Socionext has developed a new Neural Network Accelerator (NNA) engine, optimized for AI processing on edge computing devices. The compact, low power engine has been designed specifically for deep learning inference processing. When implemented, it can achieve 100x performance boost compared with conventional processors for computer vision processing such as image recognition. Socionext will start delivering the Software Development Kit for the FPGA implementation of the NNA in the third quarter of 2018. The company is also planning to develop its SoC products with the NNA.
Socionext currently provides graphics SoC “SC1810” with a built-in proprietary Vision Processor Unit compatible with the computer vision API “OpenVX” developed by the Khronos Group, a standardization organization. The NNA has been designed to work as an accelerator to extend the capability of the VPU. It performs various computer vision processing functions with deep learning, as well as conventional image recognition, for applications including automotive and digital signage, delivering higher performance and lower power consumption.
The NNA incorporates the company's proprietary architecture using the quantization technology that reduces the bits for parameters and activations required for deep learning. The quantization technology is capable of carrying out massive amounts of computing tasks with less resource, greatly reducing the data size, and significantly lowering the system memory bandwidth. In addition, the newly developed on-chip memory circuit design improves the efficiency of computing resource required for deep learning, enabling optimum performance in a very small package. A VPU equipped with the new NNA combined with the latest technologies will be able to achieve 100 times faster processing speed in image recognition compared with a conventional VPU.
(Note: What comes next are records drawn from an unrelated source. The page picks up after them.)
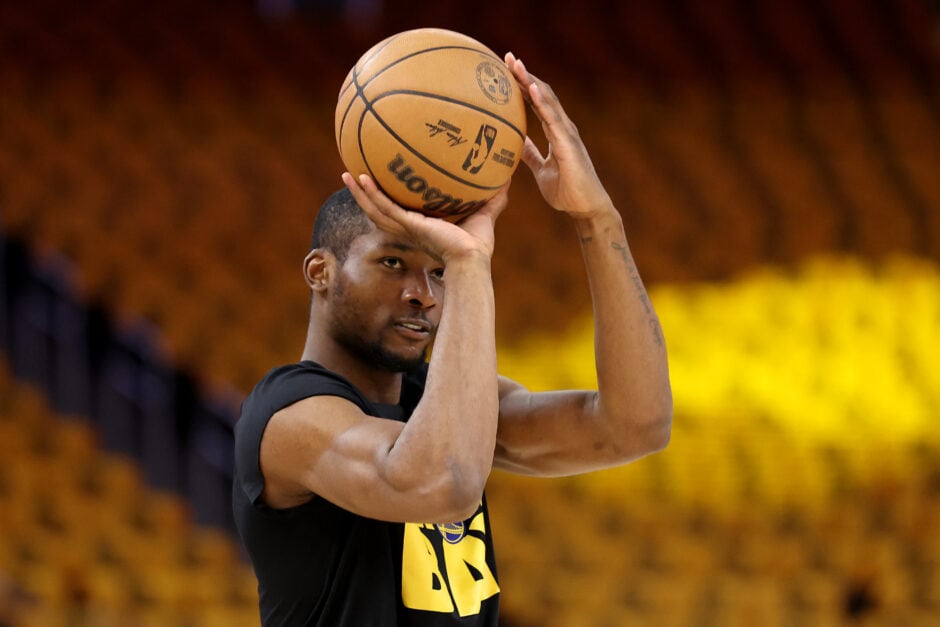 Jonathan Kuminga #00 of the Golden State Warriors warms up before the game against the Minnesota Timberwolves.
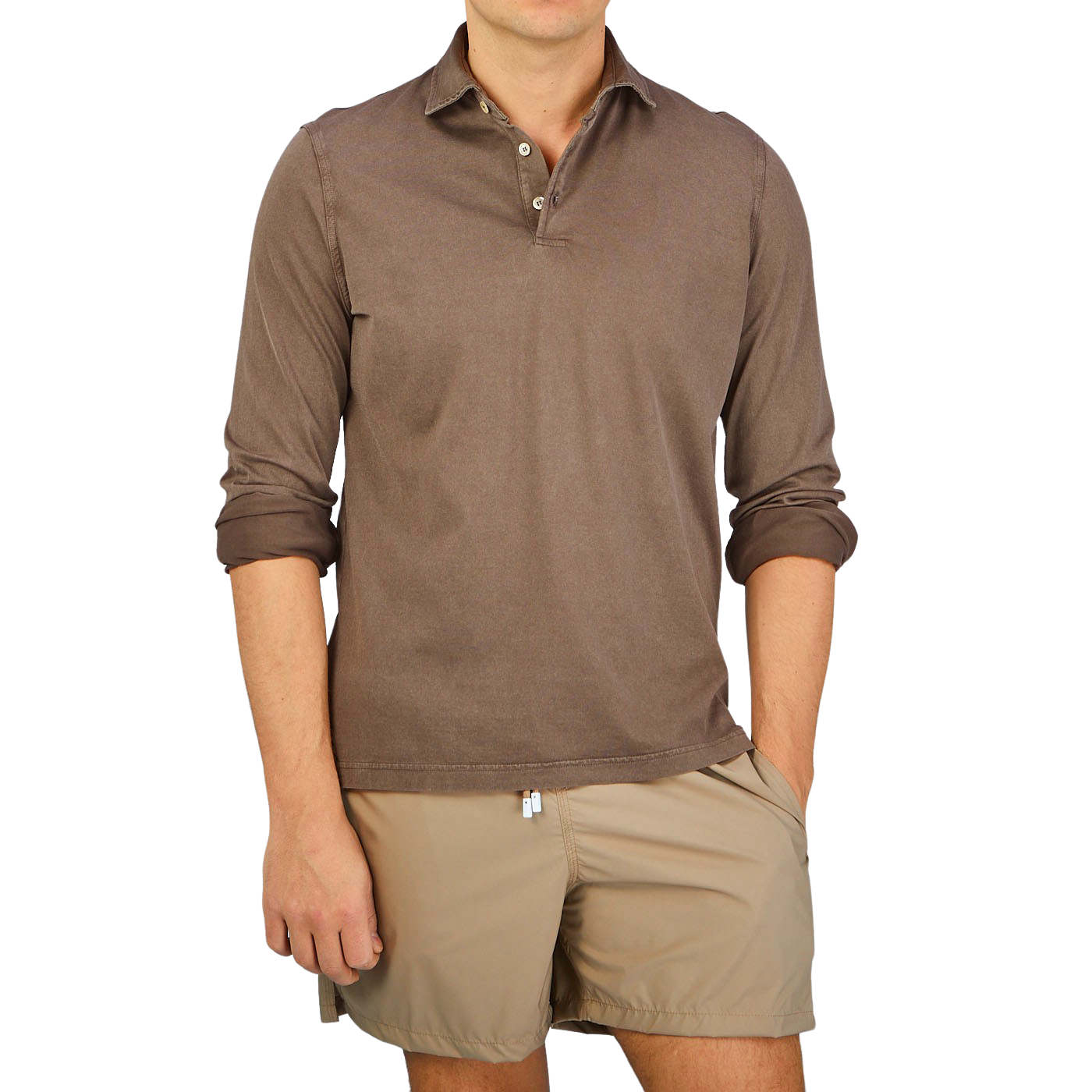 A man wearing a luxury Fedeli Washed Brown Organic Cotton LS Polo Shirt.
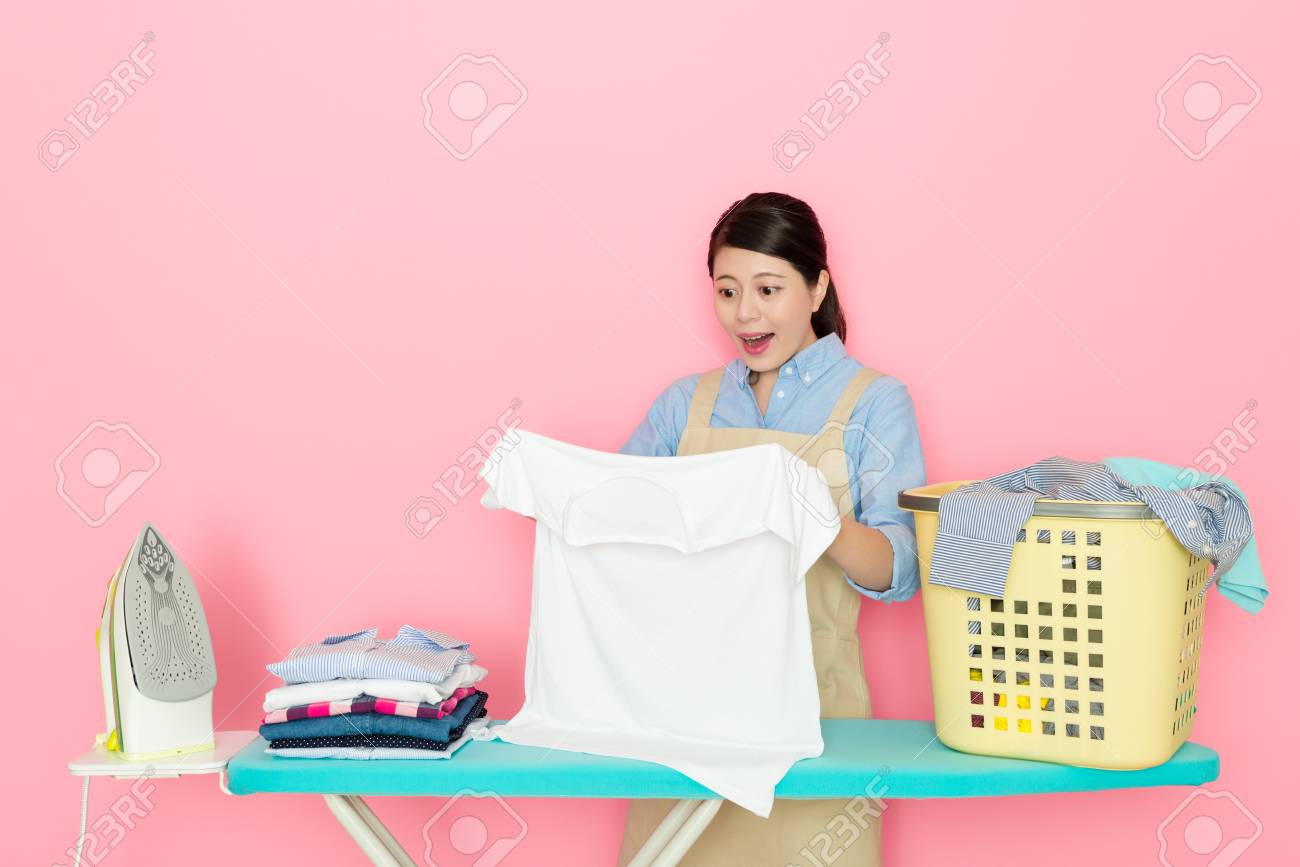 白い服を見て陽気なかわいい女性の主婦は 彼女がピンクの背景アイロンで立っているときに驚いた感じをきれいにした汚れを発見します の写真素材 画像素材 Image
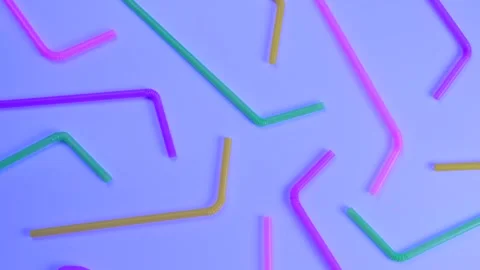 Rotating multi-colored cocktail straws on a blue background, top view, the Stock Footage 250422739
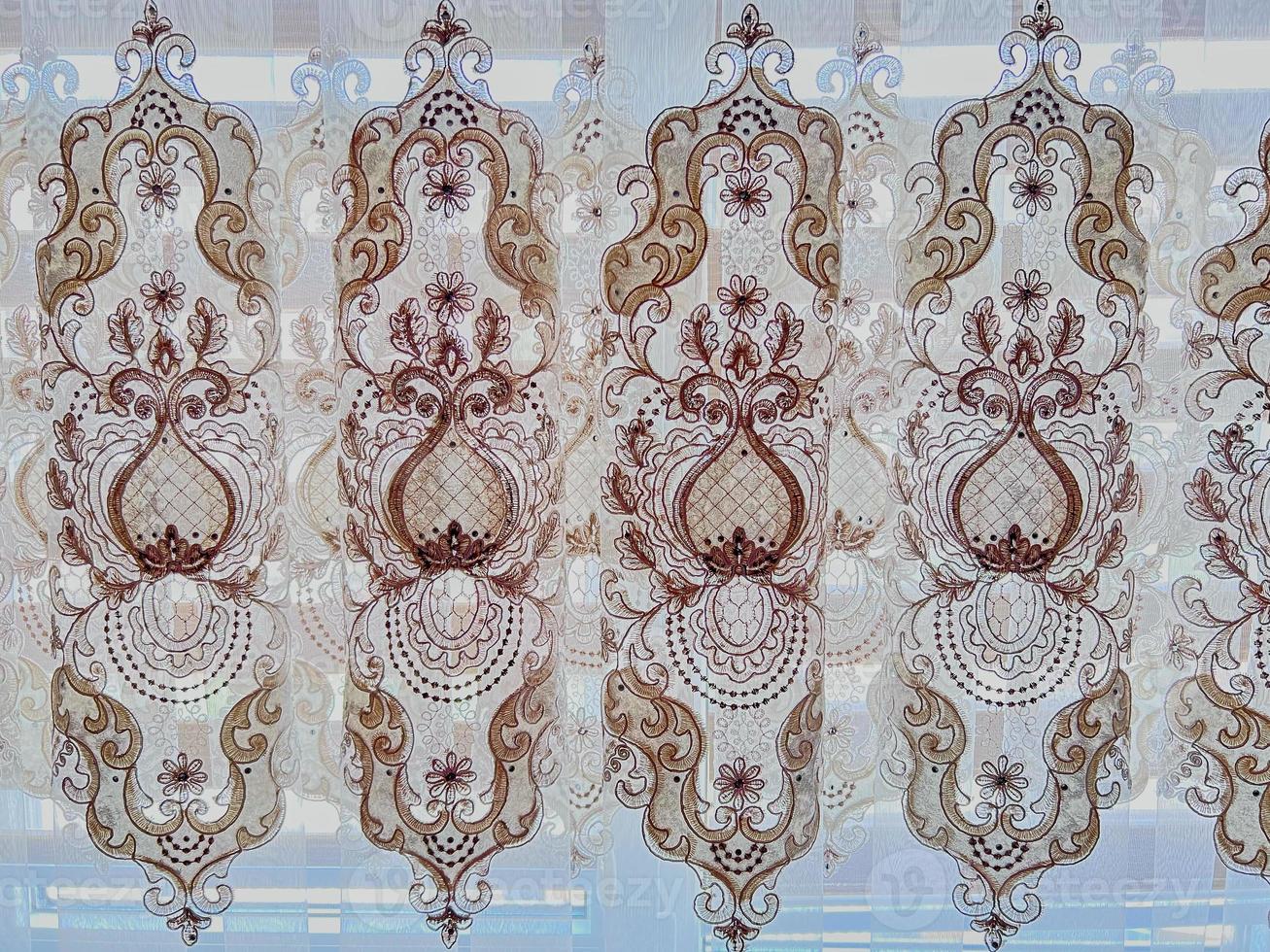 Abstract symmetrical pattern on the curtain. photo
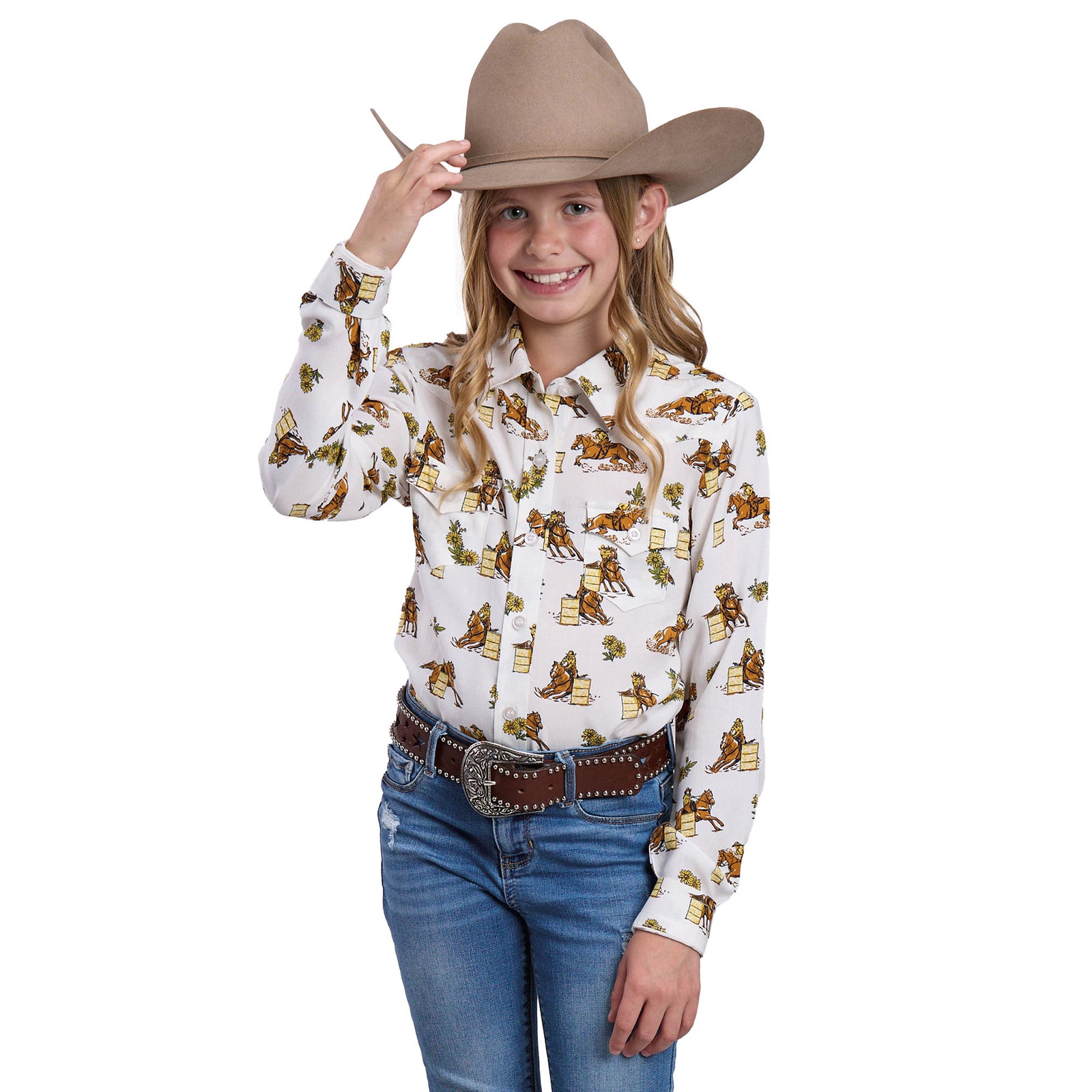 Young girl wearing a white shirt with cowboy print, blue jeans, and a tan cowboy hat on a white background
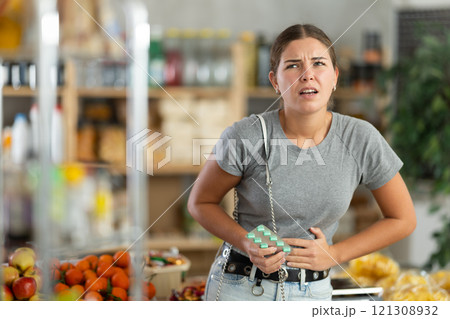Woman in the store holding her stomach 121308932
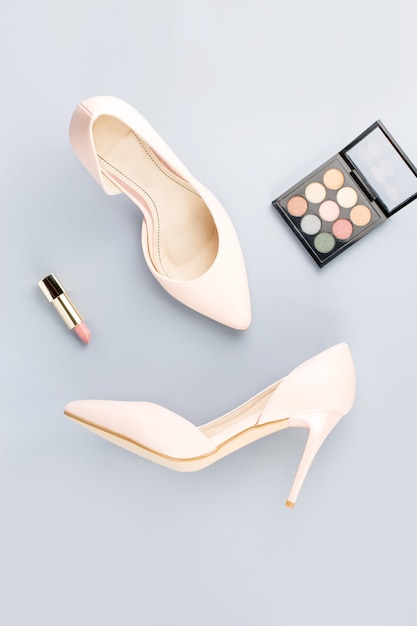 Pale pink female shoes, lipstick and eyeshadow palette on grey background. Fashion blogger concept flat lay.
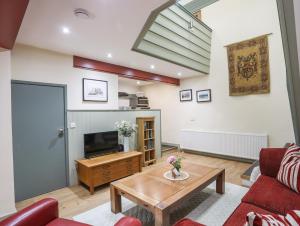 a living room with a couch and a table at Ysgubor Bach in Gaerwen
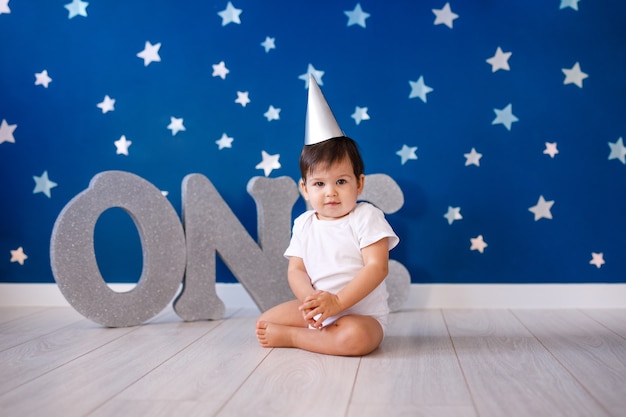 El bebé de un año celebra su cumpleaños cerca de letras plateadas UNO sobre fondo azul con estrellas.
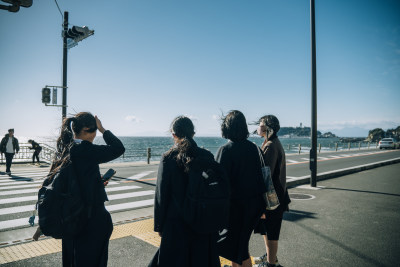 女生在镰仓海边街道结伴同行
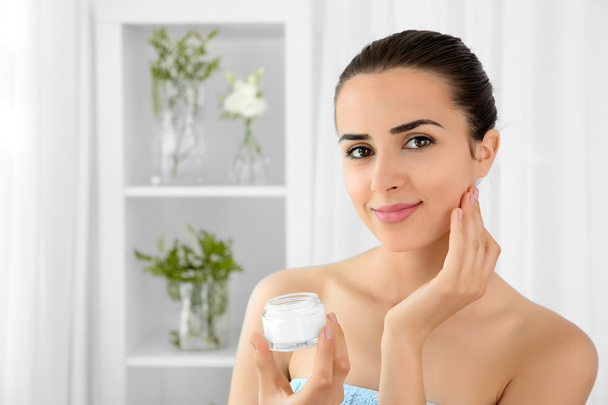 Portrait of young woman holding facial cream - Photo, Image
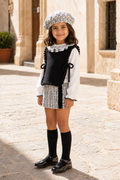 Three-quarter view of girl wearing the Calamaro Alisio black and white tweed skort set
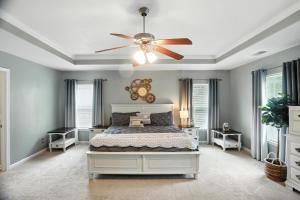 a bedroom with a bed and a ceiling fan at Lowcountry Luxury Near Palmetto Bluff home in Hardeeville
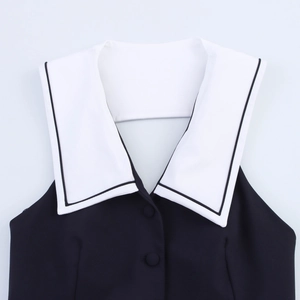 Close-up of the black sleeveless top with a contrasting white sailor collar detail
Socionext will start providing a Software Development Kit for the NNA FPGA implementation in the third quarter of 2018. The SDK will support TensorFlow as a learning environment and provide libraries dedicated to the quantization technology and data conversion tool from learned model to inference processing. With the learning environment optimized for NNA, users will be able to build their models effectively without having the knowledge of model compression or learning tuning required for deep learning bit reduction. Socionext is planning to offer development environments which can be utilized in a wide range of applications by supporting various deep learning frameworks enabling the users to develop their deep learning applications.
Socionext is also planning to deliver SoC products which incorporate the NNA. Target applications include automotive in which high-precision object detection of images captured from car cameras, such as pedestrians and bicycles, can be used for driver assistance or automatic parking. Another important application is display systems, such as TV and signage, in which the NNA boosts image recognition for super-resolution processing and helps high definition imaging for 4K / 8K screens. Socionext will continue to innovate and develop power-efficient, high performance products to accommodate a wide range of AI applications in various challenging edge computing environments.